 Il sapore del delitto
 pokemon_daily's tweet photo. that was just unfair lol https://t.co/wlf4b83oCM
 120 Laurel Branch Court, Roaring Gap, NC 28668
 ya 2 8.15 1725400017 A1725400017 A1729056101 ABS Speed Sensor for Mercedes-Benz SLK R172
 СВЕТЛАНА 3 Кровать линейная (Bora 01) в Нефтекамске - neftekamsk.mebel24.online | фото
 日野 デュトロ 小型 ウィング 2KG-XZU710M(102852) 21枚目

◆ ◆ ◆ ◆

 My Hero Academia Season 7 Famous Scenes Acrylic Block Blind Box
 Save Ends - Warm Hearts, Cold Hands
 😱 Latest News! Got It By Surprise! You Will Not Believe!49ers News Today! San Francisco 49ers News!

◆ ◆ ◆ ◆

Assignment:
The reply should hold only the lines of the listing above starting at the line containing "Il sapore del delitto" and ending at the line containing "日野 デュトロ 小型 ウィング 2KG-XZU710M(102852) 21枚目", exactly as written.

Response area:
 Il sapore del delitto
 pokemon_daily's tweet photo. that was just unfair lol https://t.co/wlf4b83oCM
 120 Laurel Branch Court, Roaring Gap, NC 28668
 ya 2 8.15 1725400017 A1725400017 A1729056101 ABS Speed Sensor for Mercedes-Benz SLK R172
 СВЕТЛАНА 3 Кровать линейная (Bora 01) в Нефтекамске - neftekamsk.mebel24.online | фото
 日野 デュトロ 小型 ウィング 2KG-XZU710M(102852) 21枚目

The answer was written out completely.